(Short web captions)
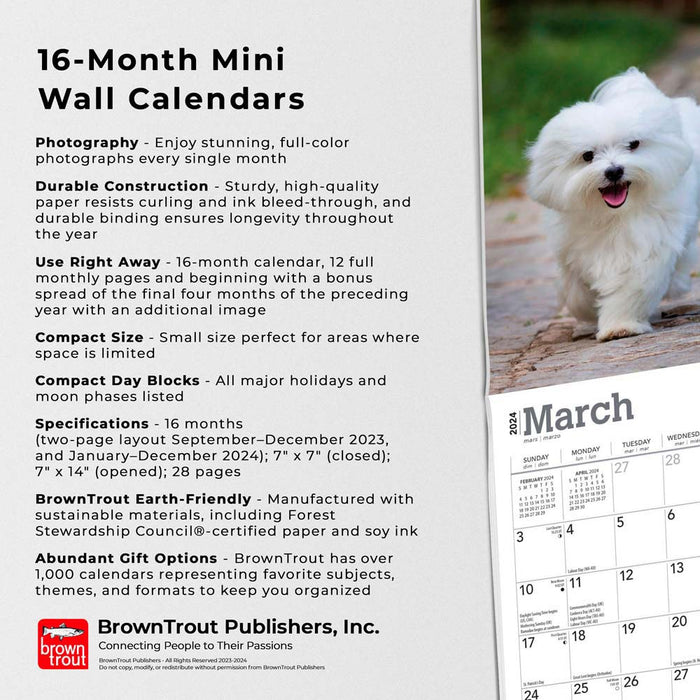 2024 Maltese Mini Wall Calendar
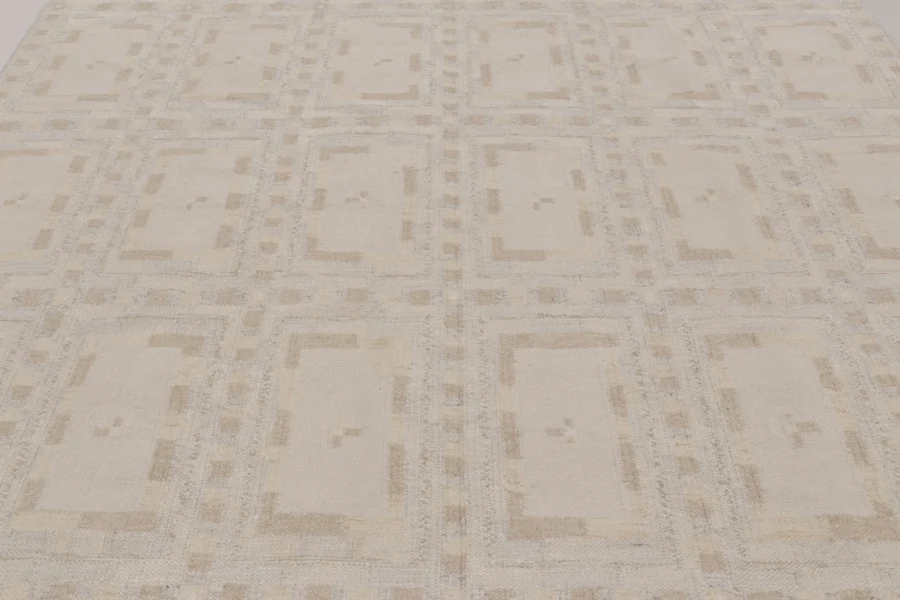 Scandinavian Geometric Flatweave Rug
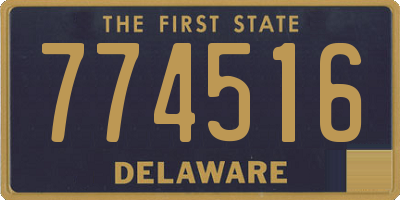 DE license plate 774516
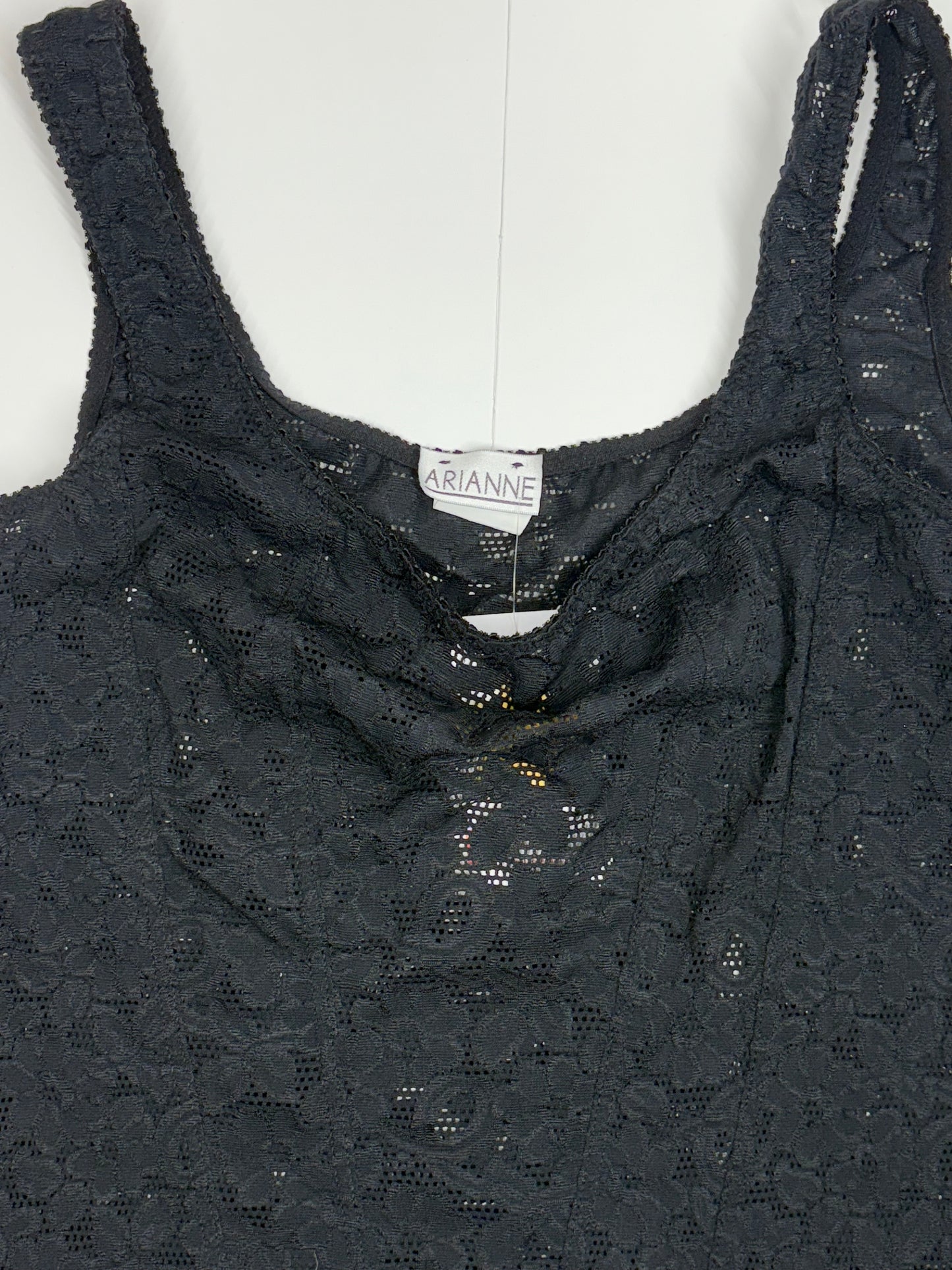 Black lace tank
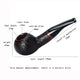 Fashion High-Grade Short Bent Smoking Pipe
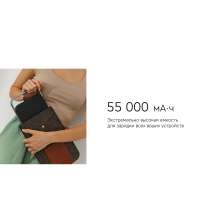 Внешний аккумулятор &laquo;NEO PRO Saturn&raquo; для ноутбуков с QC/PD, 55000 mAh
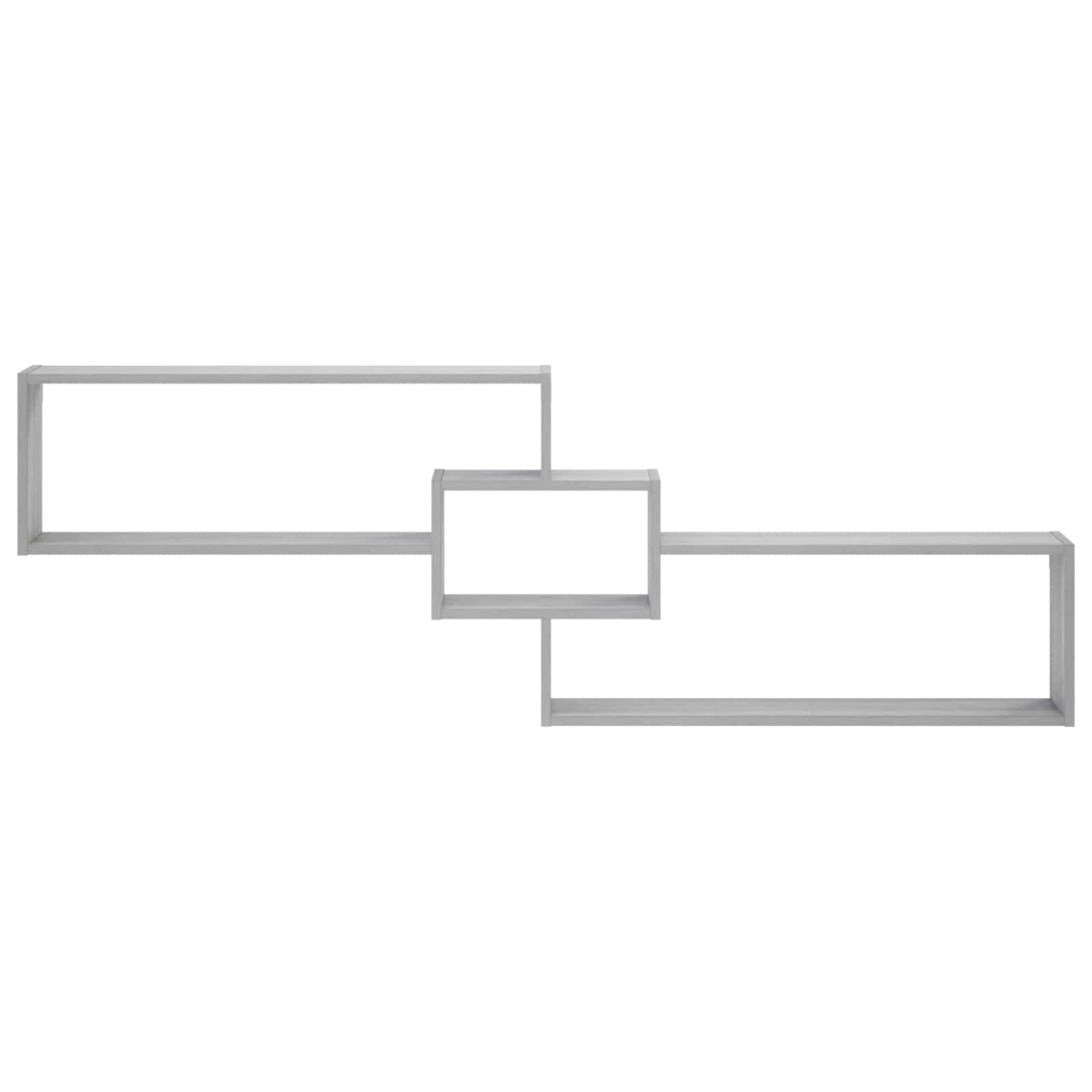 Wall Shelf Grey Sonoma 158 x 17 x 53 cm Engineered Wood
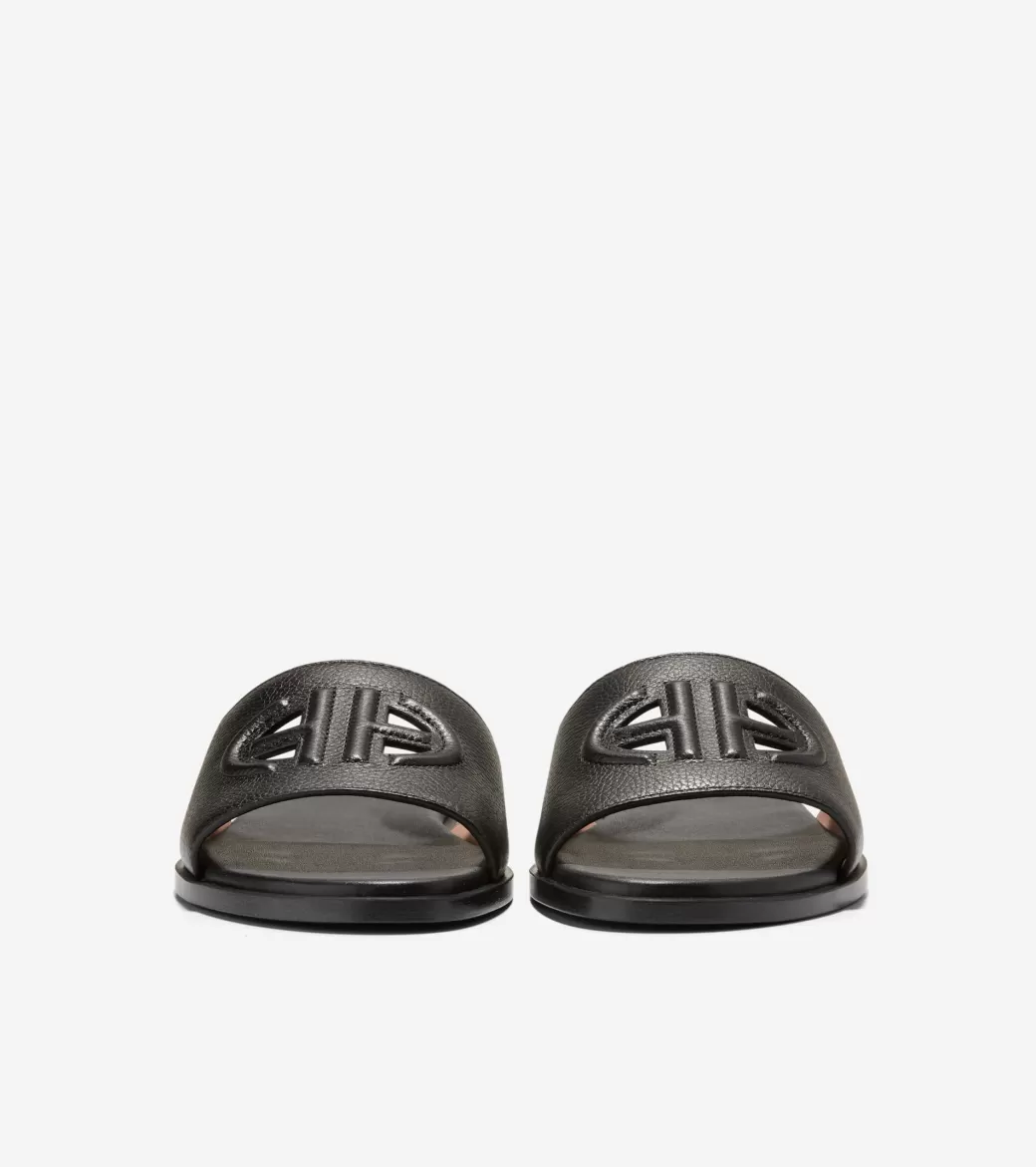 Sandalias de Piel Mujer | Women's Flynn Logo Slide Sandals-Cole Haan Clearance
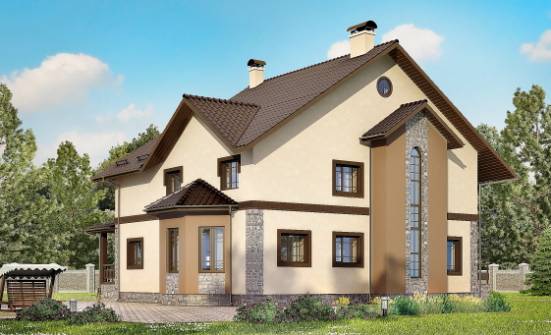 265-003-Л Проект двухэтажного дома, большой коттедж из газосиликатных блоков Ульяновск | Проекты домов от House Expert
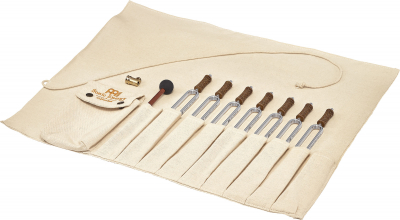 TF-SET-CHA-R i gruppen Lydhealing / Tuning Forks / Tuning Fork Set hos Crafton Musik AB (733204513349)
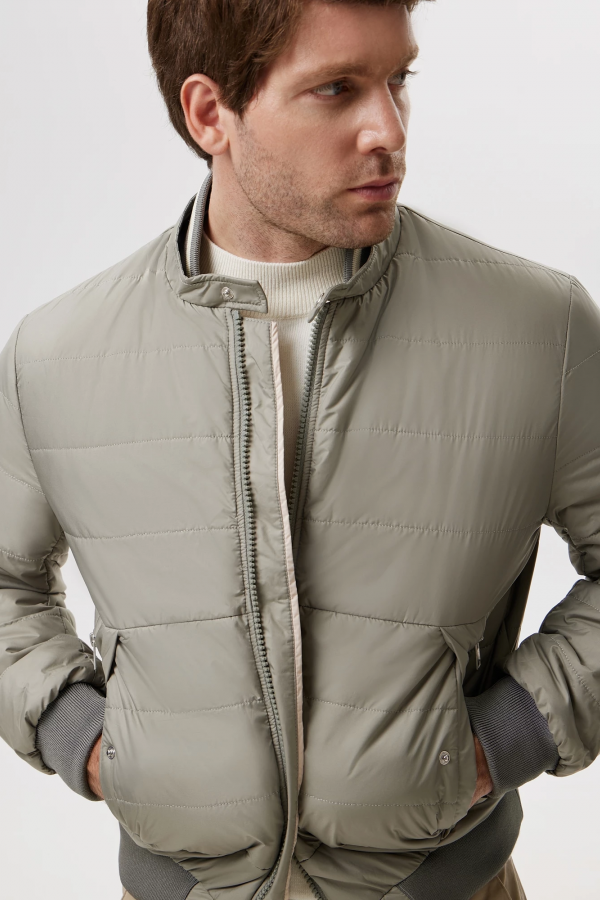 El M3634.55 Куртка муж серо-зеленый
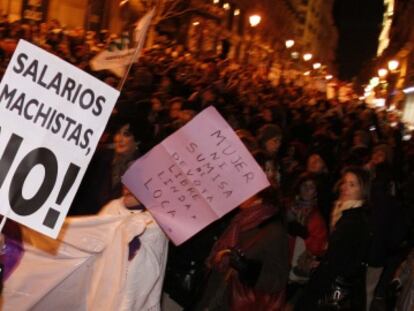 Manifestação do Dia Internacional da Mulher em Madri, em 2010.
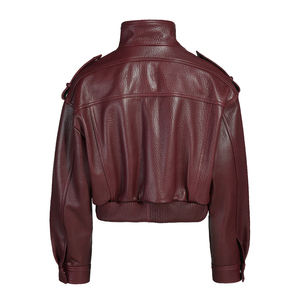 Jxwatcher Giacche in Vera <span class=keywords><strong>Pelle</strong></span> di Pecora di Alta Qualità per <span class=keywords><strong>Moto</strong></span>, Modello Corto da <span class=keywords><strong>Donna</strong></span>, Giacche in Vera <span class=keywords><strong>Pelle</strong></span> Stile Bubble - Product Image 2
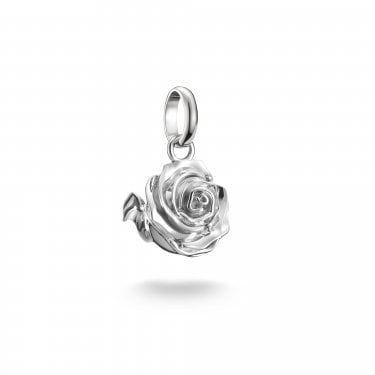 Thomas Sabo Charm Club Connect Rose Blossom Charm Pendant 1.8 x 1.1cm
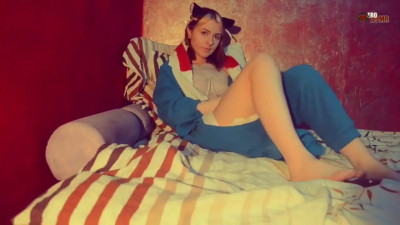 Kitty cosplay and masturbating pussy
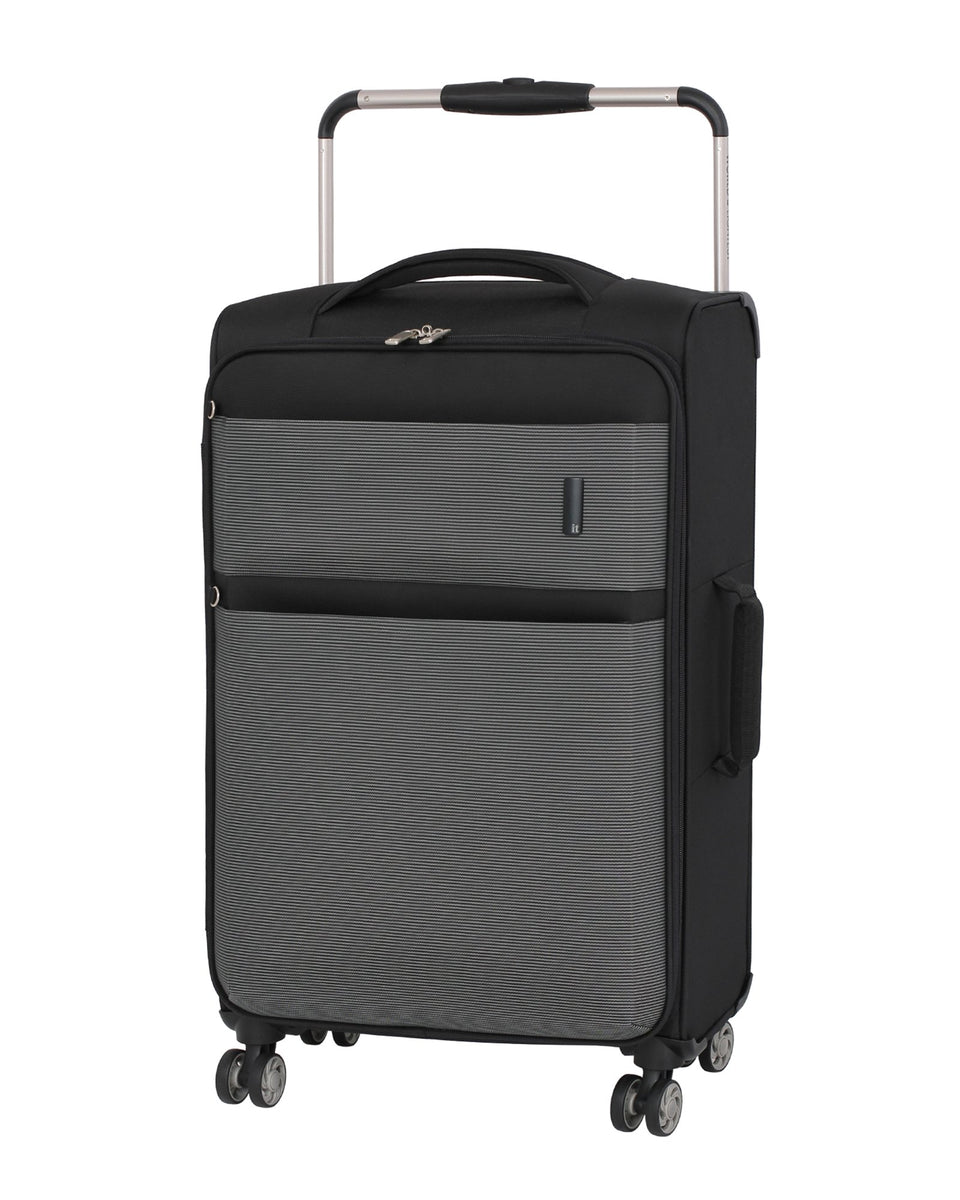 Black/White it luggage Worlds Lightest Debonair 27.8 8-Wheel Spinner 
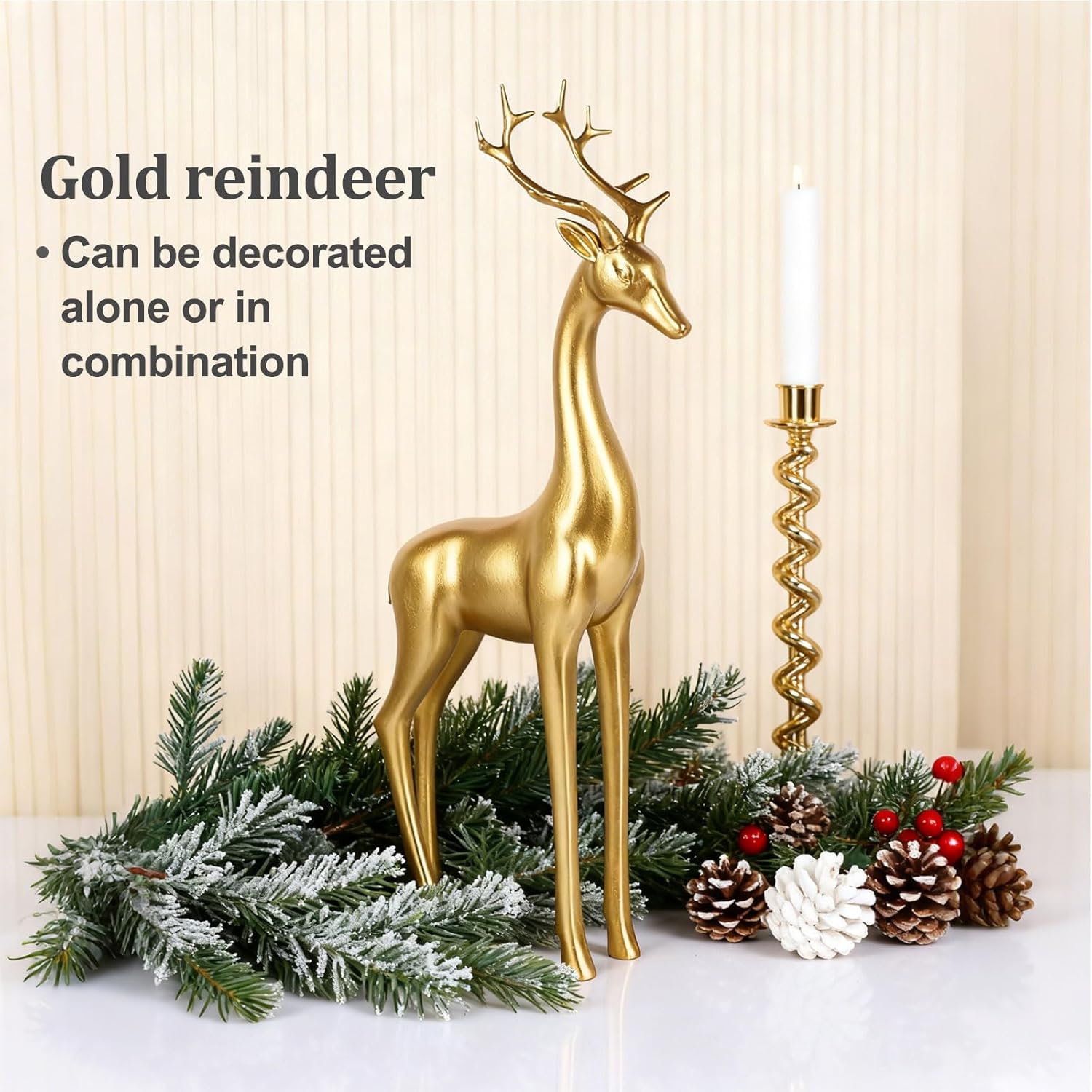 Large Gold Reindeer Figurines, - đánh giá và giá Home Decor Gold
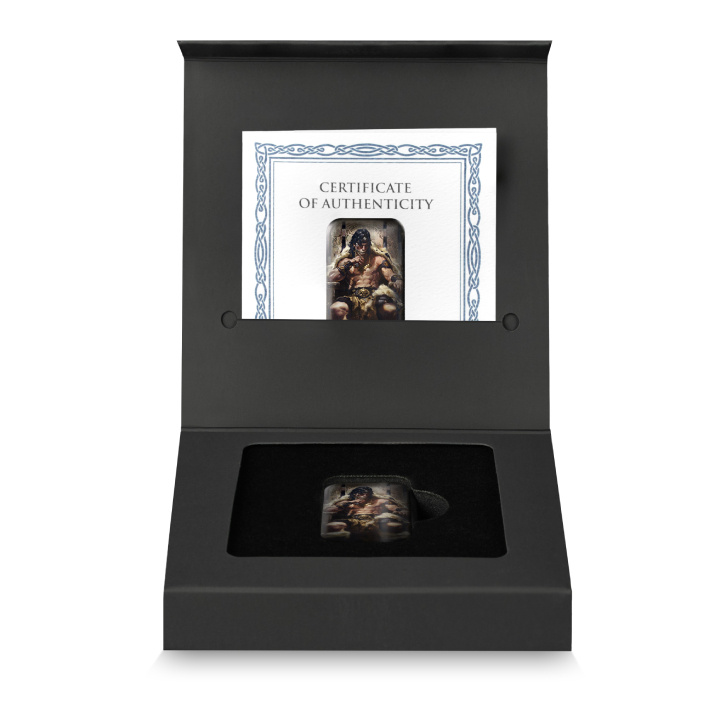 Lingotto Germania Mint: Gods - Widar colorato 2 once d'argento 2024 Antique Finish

» What is expected
Although the records hold pictures, the copy must not; give again exactly the lines from the one with "Thomas Sabo Charm" through the one with "Large Gold Reindeer".

» Answer to the problem
 Thomas Sabo Charm Club Connect Rose Blossom Charm Pendant 1.8 x 1.1cm
 Kitty cosplay and masturbating pussy
 Black/White it luggage Worlds Lightest Debonair 27.8 8-Wheel Spinner 
 Large Gold Reindeer Figurines, - đánh giá và giá Home Decor Gold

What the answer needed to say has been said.